Pour l’heure, les apparitions de Medjugorje ne sont pas officiellement reconnues par l’Église, même si un document du dicastère pour la Doctrine de la foi, approuvé par le pape François et publié le 19 septembre dernier, reconnaît « de nombreux fruits positifs » obtenus à Medjugorje et autorise les fidèles à « adhérer de manière prudente » aux messages attribués à la Vierge Marie. Ce nihil obstat (« rien ne s’oppose ») donne un feu vert à la dévotion et aux pèlerinages, sans se prononcer sur le caractère surnaturel des messages. Le texte précise toutefois qu’il se produit à Medjugorje « des conversions abondantes » et « le renouveau de la vie conjugale et familiale ». Plus de 60 millions de personnes provenant d’environ 120 pays ont en effet visité la petite ville de Medjugorje depuis le début des apparitions. Le nombre annuel de fidèles, autour de 2,5 millions, est en constante augmentation. Katrina, une jeune originaire du comté, travaille à la réception d’un grand hôtel de la ville depuis six ans. « J’ai vu l’endroit évoluer dans le bon sens. Beaucoup de pèlerins viennent, surtout depuis que les restrictions liées au Covid ont pris fin. Il y a plus de gens originaires de pays très lointains, d’Asie ou d’Amérique du Sud. Mais ce ne sont pas des touristes : les visiteurs ont une foi forte, ils sont très dévoués, jusqu’à en savoir parfois plus sur les apparitions que les locaux ! »
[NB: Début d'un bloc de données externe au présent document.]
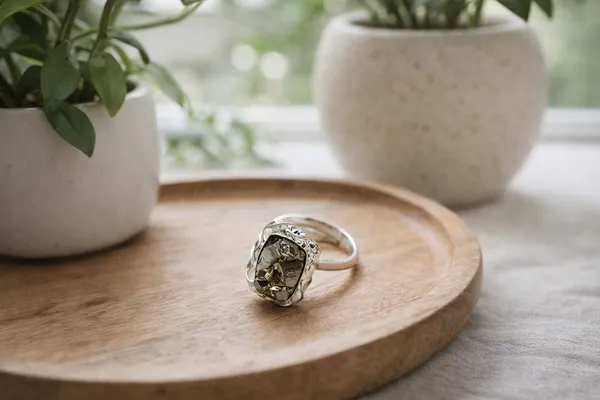 Raw_Pyrite_Ring_-_Wealth_Manifestation_(Adjustable_Size)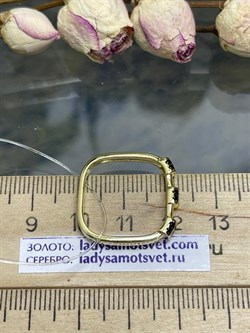 *Кольцо р.19 Черный Фианит Микро Вставки арт. MP-R01277-X-LB-X-X-B-19-393 Вес 2,4 г - фото 262656 *Кольцо р.19 Черный Фианит Микро Вставки арт. MP-R01277-X-LB-X-X-B-19-393 Вес 2,4 г - фото 262656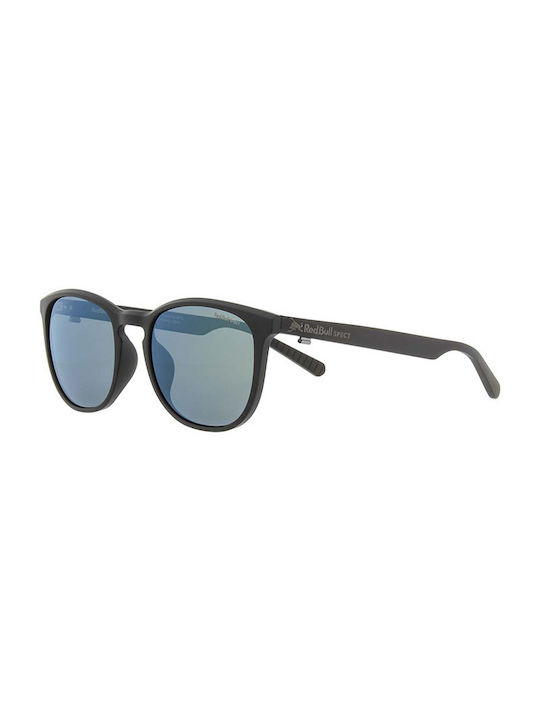 Red Bull Spect Eyewear Steady Sonnenbrillen mit 006P Rahmen und Grün Spiegel Linse STEADY-006P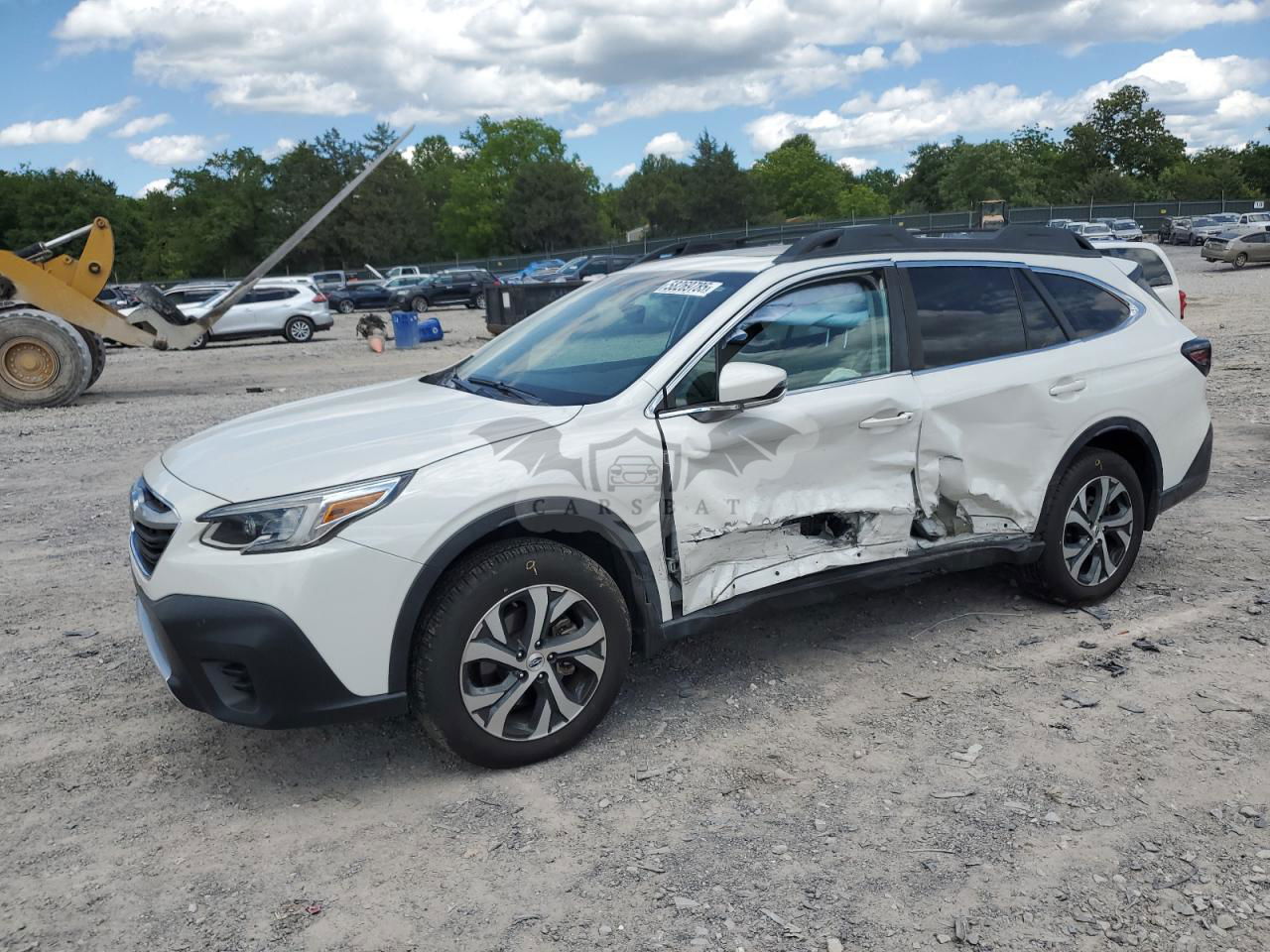 Subaru Outback LIMITED 2.5L  4 2020
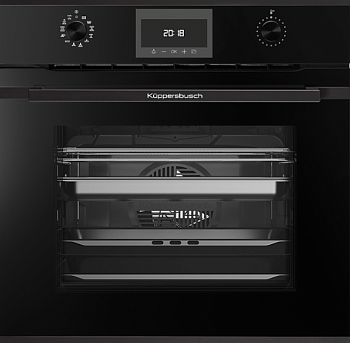 Фото товара: Kuppersbusch BD 6340.0 S5 Black Velvet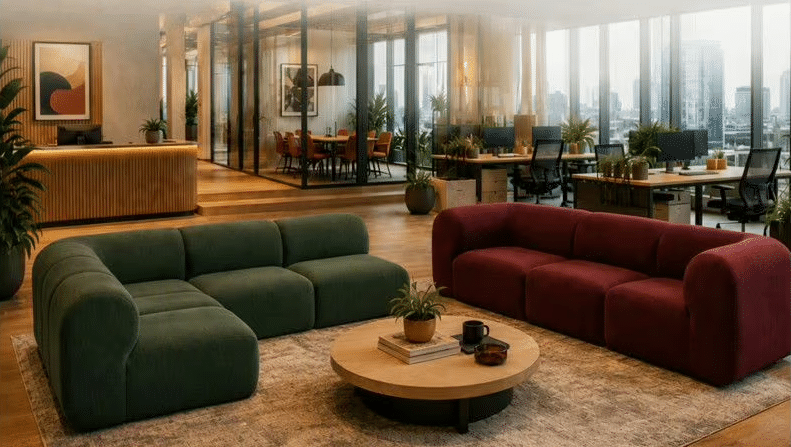 Bespoke vs Standard Contract Furniture: What’s Best for Your Project?
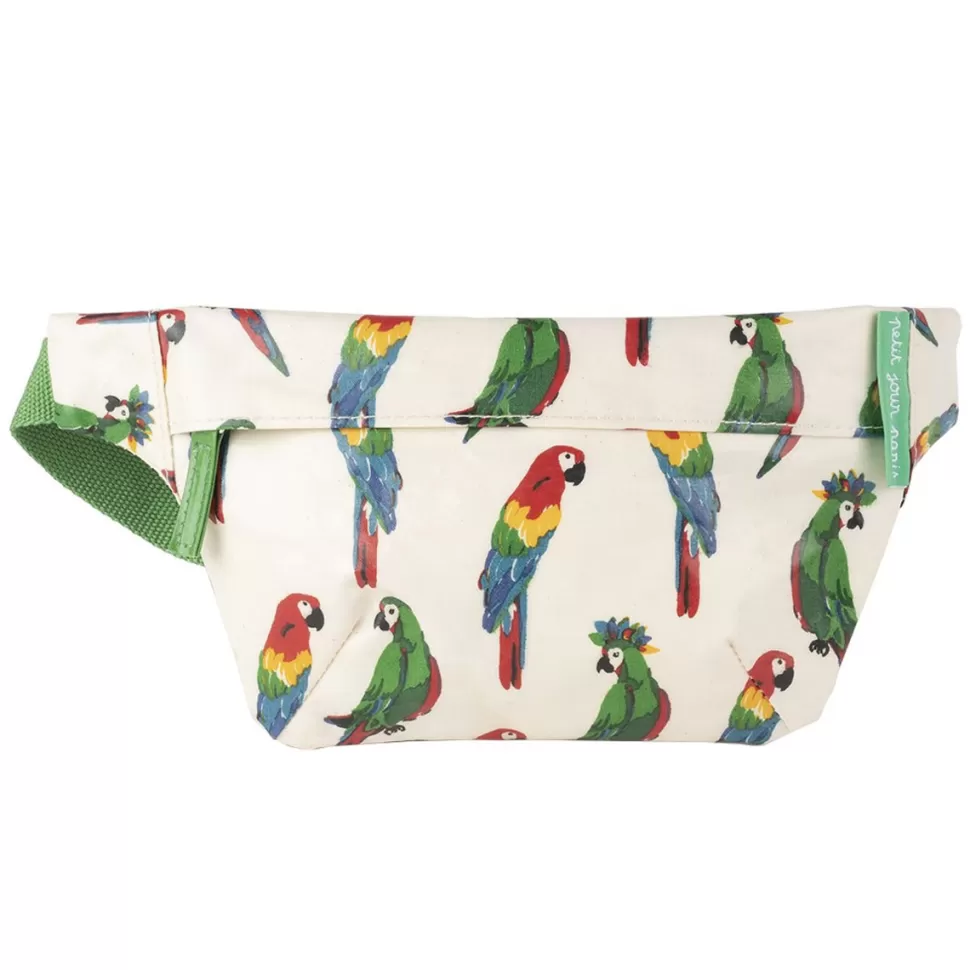 Petit Jour Parents>Sac Banane - Les Perroquets
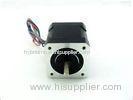 28mm 48mm Two Phase Hybrid Nema 17 Stepper Motor For 3D Printer , 1.8Nema Stepping Motor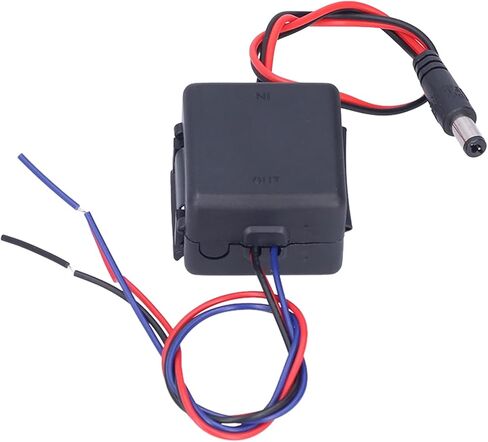 Rear View Power Delay Relay Backup Camera Timer with Capacitor for MIB PQ MQB Screen Stable 12V Voltage No Interference Clear Display Copper ABS Construction in Saudi Arabia
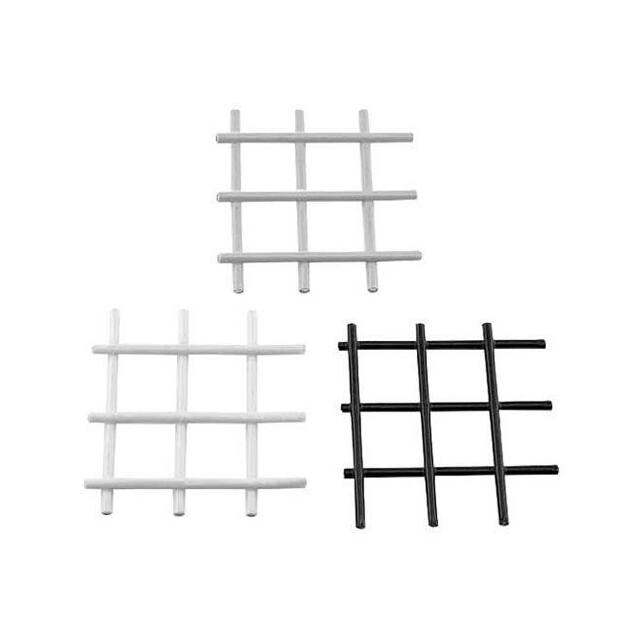 2477 48X96 PVC COATED WIRE MESH PANEL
Pourquoi la Gospa (la « dame » en croate) a-t-elle choisi la Herzégovine, pauvre région de Bosnie où vignes, figuiers et noyers peinent à pousser tant la terre est sèche ? Antonio, l’organisateur de pèlerinages, a son idée sur la question. « Les gens ont perdu la foi. Même ceux qui se rendent sur des lieux d’apparitions le font pour demander une grâce ou allumer un cierge, mais non pour vivre les messages donnés par Marie. Ici, c’est différent. Il y a un groupe résistant qui a une foi profonde et qui ne la vit pas comme un ensemble de textes, mais comme quelque chose de vivant ! » Sur cette terre perdue au milieu des Balkans, de nombreux fruits invisibles naissent effectivement chaque jour. Paolo, un catholique portugais qui visite Medjugorje pour la première fois avec sa femme et ses deux filles, en est le témoin vivant. « Au départ, j’ai fait ce voyage pour accéder aux demandes répétées de ma femme qui voulait faire l’expérience de Medjugorje depuis des années. Et puis, j’ai compris que Dieu avait un plan pour moi aussi. Hier, je me suis confessé et c’était incroyable. La confession était pure et je me suis senti purifié de l’intérieur. Je suis une bonne personne, je ne fais pas de mal, je vais à l’église. Mais j’ai réalisé que je ne vivais pas comme Dieu le souhaitait. Je pensais que j’étais sur son chemin, mais j’avais tout faux ! Dieu avait un message spécial pour moi, comme il a un message pour chacun d’entre nous ici, pour mes filles, pour ma femme. Je ne sais pas si je reviendrai un jour à Medjugorje, mais je suis sûr que ma vie va changer. Je comprends maintenant que ce n’est pas moi qui ai amené ma femme ici, c’est elle qui m’a offert cette chance, la chance de comprendre que je suis vraiment aimé. »

Le prochain festival des jeunes de Medjugorje aura lieu du 4 au 8 août 2025, sur le thème : « Nous irons à la maison du Seigneur ! » (Ps 121,1).